Namun, saat bailout itu digelontorkan, dana tersebut langsung habis. Krisis utang mereka tetap tak rampung dan kepercayaan pasar semakin menurun. Aviliani memperkirakan perekonomian Amerika akan terkoreksi tiga bulan lagi. Dia juga memperkirakan bailout akan dikucurkan lagi.
Aviliani menjelaskan, sebelum 1944, pencadangan devisa dengan komoditas emas digunakan Indonesia dan bank sentral di seluruh dunia. Namun, setelah 1944, tren ini berubah. "Mereka terus menyepakati uang mata dunia itu dolar Amerika sebagai acuan, karena Amerika dianggap negara adikuasa," katanya.
Sekarang, kata Aviliani, negara yang mata uangnya menjadi acuan bank sentral seluruh dunia telah kolaps.
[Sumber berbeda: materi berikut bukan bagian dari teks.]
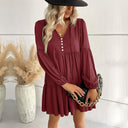 Chic Women's Dress with Button Accents and Billowing Sleeves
Karena itulah, kata dia, Bank Indonesia seharusnya perlu melakukan langkah-langkah untuk mengurangi efek turunnya valuasi dolar tersebut.
Deputi Gubernur Bank Indonesia Bidang Kebijakan Moneter Hartadi A. Sarwono menyatakan, isu pembelian atau pemborongan emas oleh bank sentral sangat sensitif karena bisa berdampak buruk pada harga emas di pasar. Bank Indonesia belum bisa memberi ketegasan soal ini.
Hartadi mengakui dunia sedang prihatin terhadap kecenderungan pelemahan dolar Amerika Serikat. "Karena mereka tahu dalam jangka panjang akan sulit buat Amerika Serikat membuat bujetnya kembali normal setelah defisit yang sangat besar," kata dia. Pelemahan dolar diramalkan akan berlangsung lama.
Di forum negara-negara kelompok G-20, kata Hartadi, masalah pelemahan dolar menjadi pembicaraan hangat. "G-20 membicarakan bagaimana mengubah sistem moneter dunia kalau ada pelemahan dolar. Nah, sebagian lari ke emas," ujarnya.
Tapi sayangnya, ia menambahkan, pasokan emas semakin terbatas dan harganya terus meningkat.
Laporan bulanan Dana Moneter Internasional (IMF) menyebutkan bank sentral di Thailand, Rusia, dan Kazakstan telah menambah cadangan emas mereka sejak dua bulan yang lalu.